*** Material for the task ***
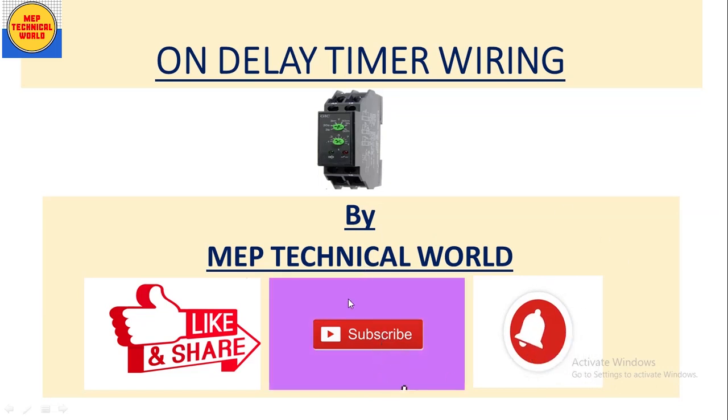Hello guys, welcome to my channel. This is Udaya Pandit and you are watching MEP Technical World. In this video we will learn about on-delay timer wiring — basically how to do the wiring of an on-delay timer. In a previous video I have already talked about how this on-delay timer works, so if you are interested please check the link in the description box. If you haven't subscribed yet, please subscribe and hit the bell icon to get notifications about upcoming videos.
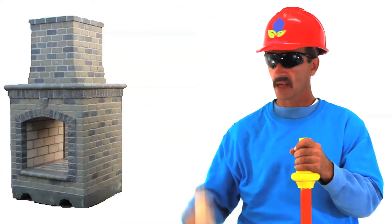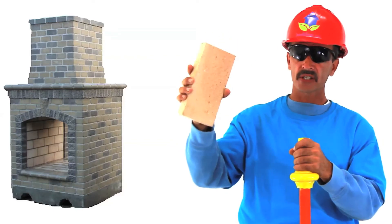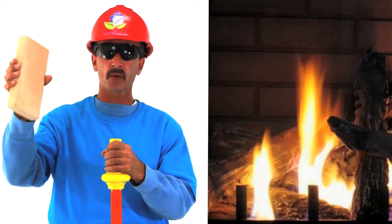That's a fire brick! Fire brick can be used to insulate wood stoves, furnaces, fire pits, and more. They can handle temperatures up to 2200 degrees Fahrenheit.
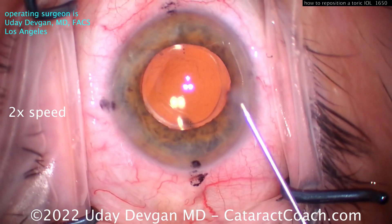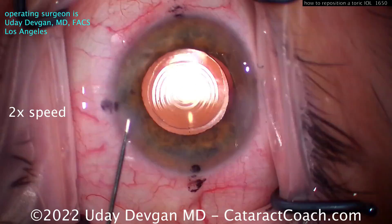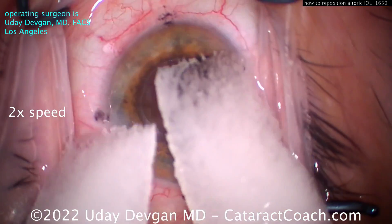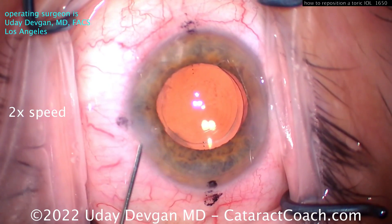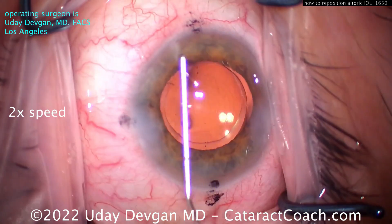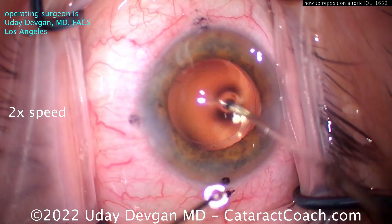At the end, we'll just seal up the incisions with a little bit of hydration — that's a great result. Do a little angle sweep to make sure you don't have any retained viscoelastic in the eye, then check the incisions to make sure everything's sealed up. The take-home message here is to be gentle on the capsular bag, don't damage it, and open up the capsular bag all the way out to the equator to free up the haptics.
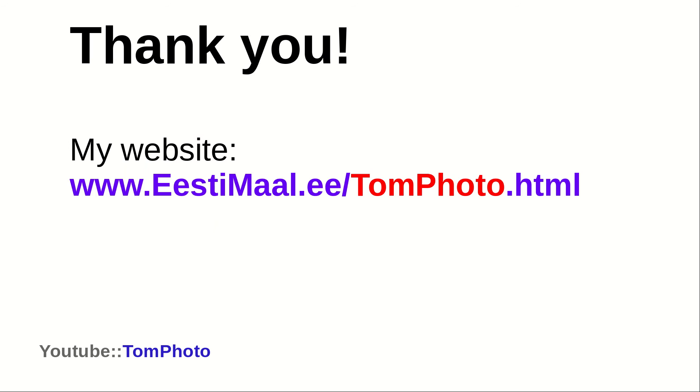Thanks so much for listening. You can download a PDF version of my presentation from my website — the link is here and also below. Have a great day and I hope to talk to you again soon.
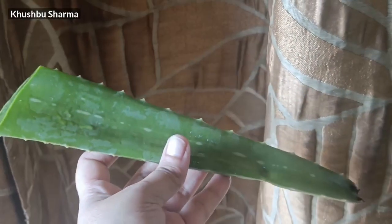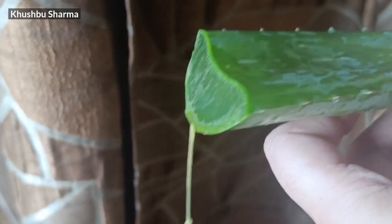For this homemade glow cream, you just need two things. First of all, we need natural aloe vera gel. Natural aloe vera gel is good, but the yellow ones are not good — the good gel is very soft.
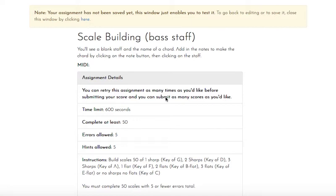Today we're going to be building scales on the bass clef staff. The level before this is going to have a key signature identification activity in it, and in that game you're going to be identifying the key signatures for the scales that we are now going to build.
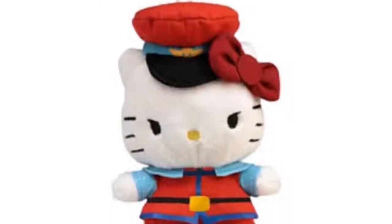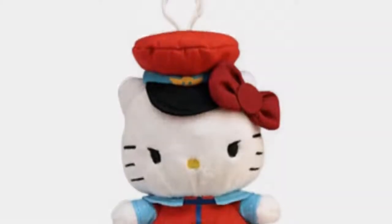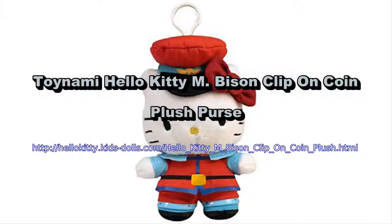It's Hello Kitty like you've never noticed her before, as one of a lot of brawlers from the Street Fighter video games. Featuring a zippered back to put your loose change into, together with a clip for you to attach wherever you'd like, the M. Bison Hello Kitty plush clip-on coin purse by Sanrio is one that fans of Street Fighter and Hello Kitty will not wish to miss out on.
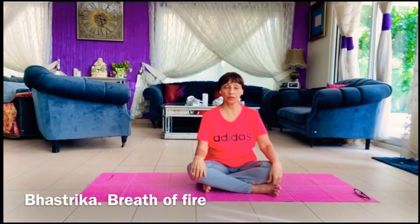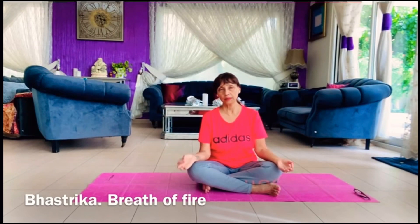After doing this particular breath — this pranayam — you need to relax and calm down. Because if you just do this breath and get up again and do something, like walking, you might feel dizzy and you could even fall down and hurt yourself. So it's better to do this breath and then lie down, or just sit down quietly in a meditation mode, trying to relax your heartbeat and relax everything in your body.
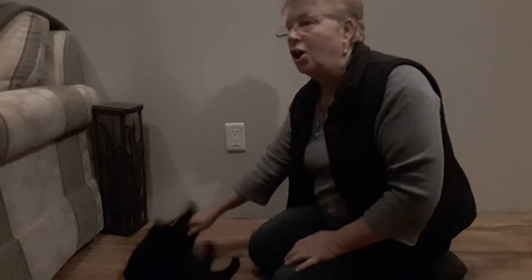Hi, my name is Sharon from Golden Leashed Dog Obedience, and today I want to talk about submissive peeing.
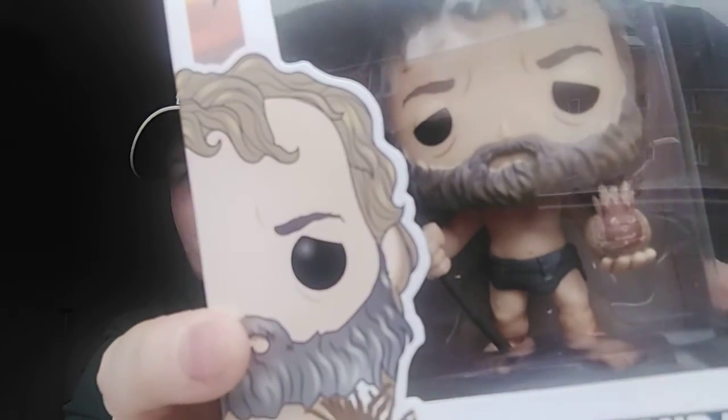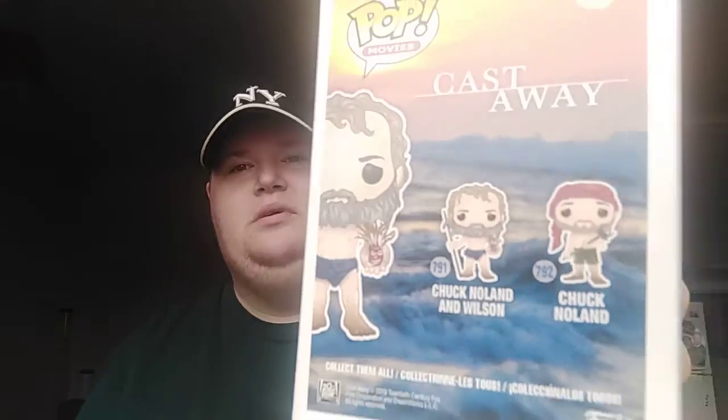And now for the fifth and final one, we have a movie from the 90s I think. We have Chuck Nolan and Wilson from Castaway — aka Tom Hanks, one of my favourite actors. As you can see, there's Wilson there. They're so funny. On the back you can get Chuck and Wilson, like I already got, and Chuck Nolan just by himself. That's crazy.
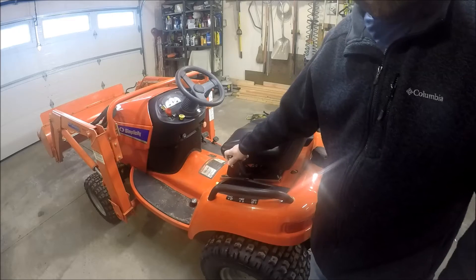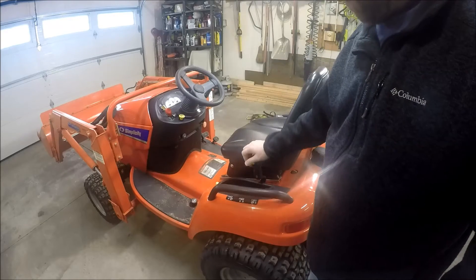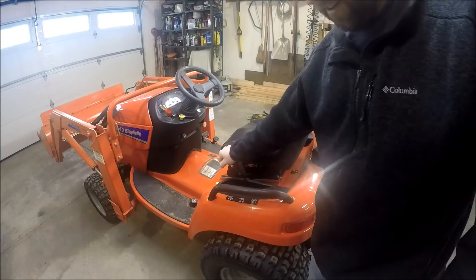You can see it's shifting just fine now. When I turn the PTO on and shut it off, sometimes this won't shift — it's just stuck wherever it's at. So I have to turn the PTO back on and try it again until I get it to shift.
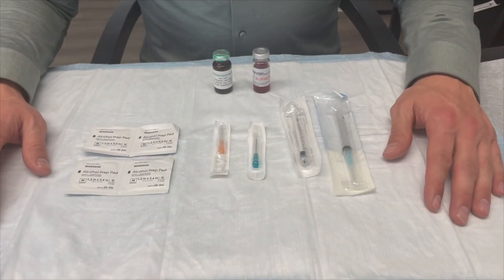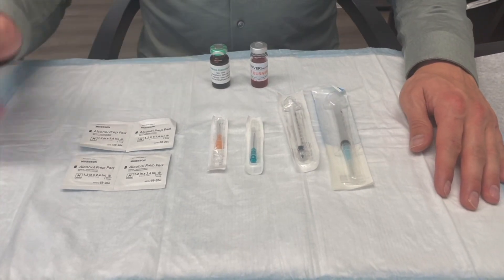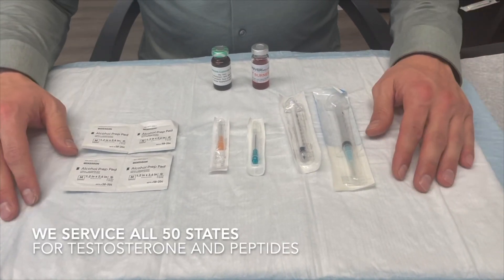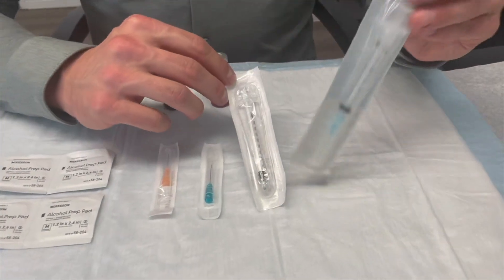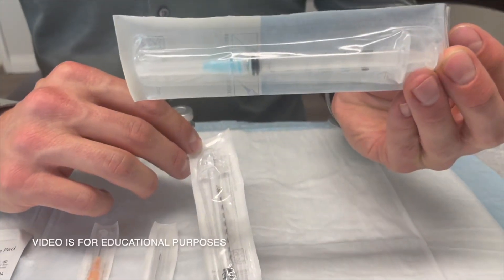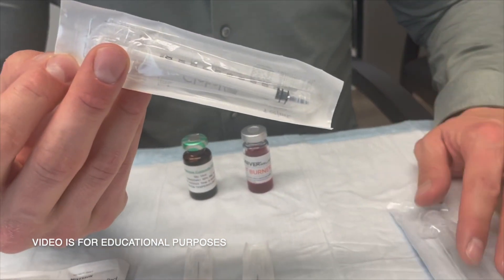When you receive your package you're going to receive syringes, needles, alcohol prep pads, and your medication. Depending upon what your dosage is, you're going to receive one of these types of syringes. We have a three milliliter syringe for a larger volume and we have a one milliliter syringe for a lesser volume.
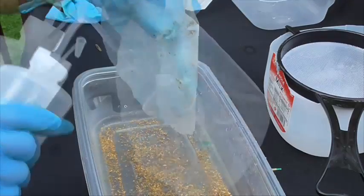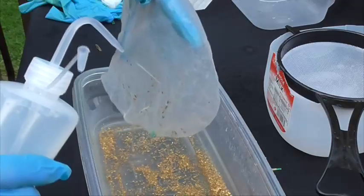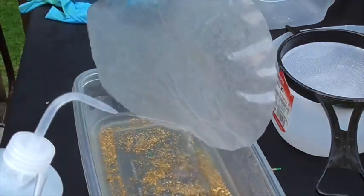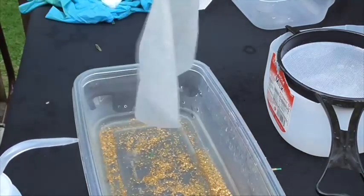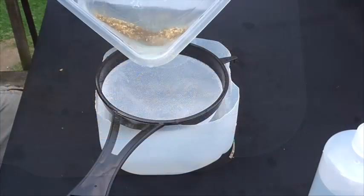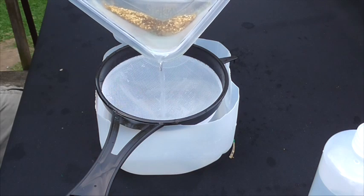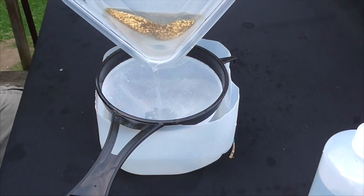Now we're going to clean the filter. Be sure to get all the gold off this filter. Now look at that. Now we're going to get the water — we're going to rinse that out and try to get as much water out as possible before we put it into our beaker.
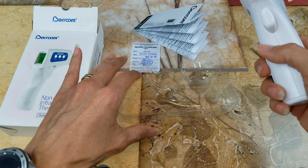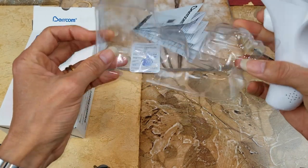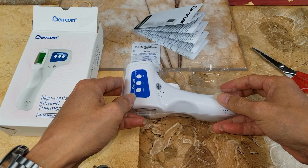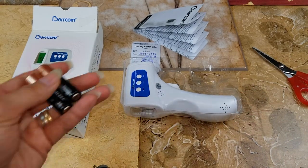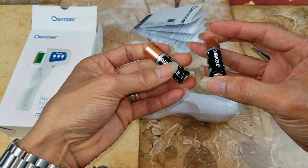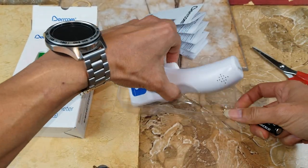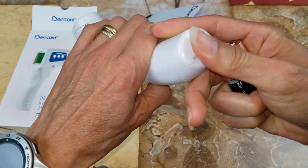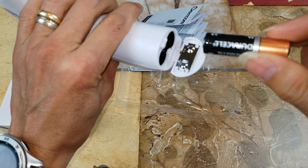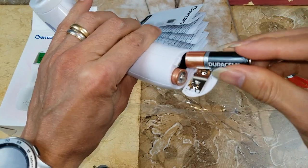Let me go ahead and get the double-A batteries first and test this out for you guys. I just got two AA batteries from one of the controllers. Go ahead and put them in — the positive goes this way and the negative is on this side.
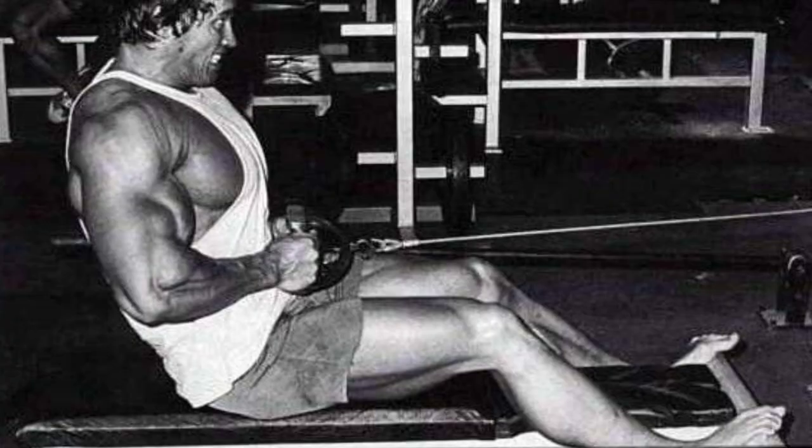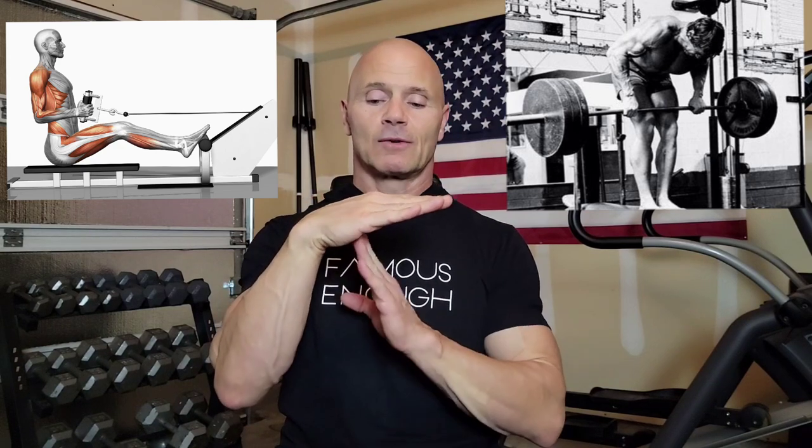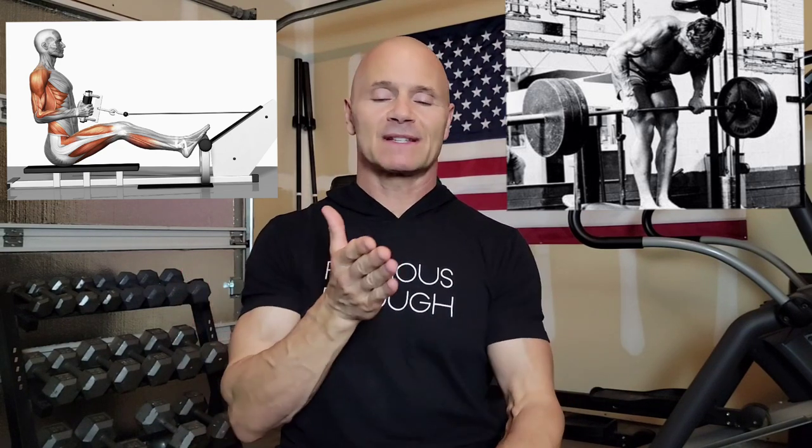Secondly, the cable row is not better or safer than the bent-over barbell row. The cable row and the barbell row both involve your torso being at a 90-degree angle to your legs. In the cable row, you're sitting upright with the cable going toward you, pulling the weight in with your back parallel to the resistance. In bent-over barbell rows, the resistance goes directly against the muscular contraction of your lower back. Either one — they're both the same position.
*** End of Material for the task ***
With the pictures omitted, copy the entries above exactly from the line containing "After doing this" through the line containing "And now for", both lines included.

### Response for this exercise
After doing this particular breath — this pranayam — you need to relax and calm down. Because if you just do this breath and get up again and do something, like walking, you might feel dizzy and you could even fall down and hurt yourself. So it's better to do this breath and then lie down, or just sit down quietly in a meditation mode, trying to relax your heartbeat and relax everything in your body.
Hi, my name is Sharon from Golden Leashed Dog Obedience, and today I want to talk about submissive peeing.
And now for the fifth and final one, we have a movie from the 90s I think. We have Chuck Nolan and Wilson from Castaway — aka Tom Hanks, one of my favourite actors. As you can see, there's Wilson there. They're so funny. On the back you can get Chuck and Wilson, like I already got, and Chuck Nolan just by himself. That's crazy.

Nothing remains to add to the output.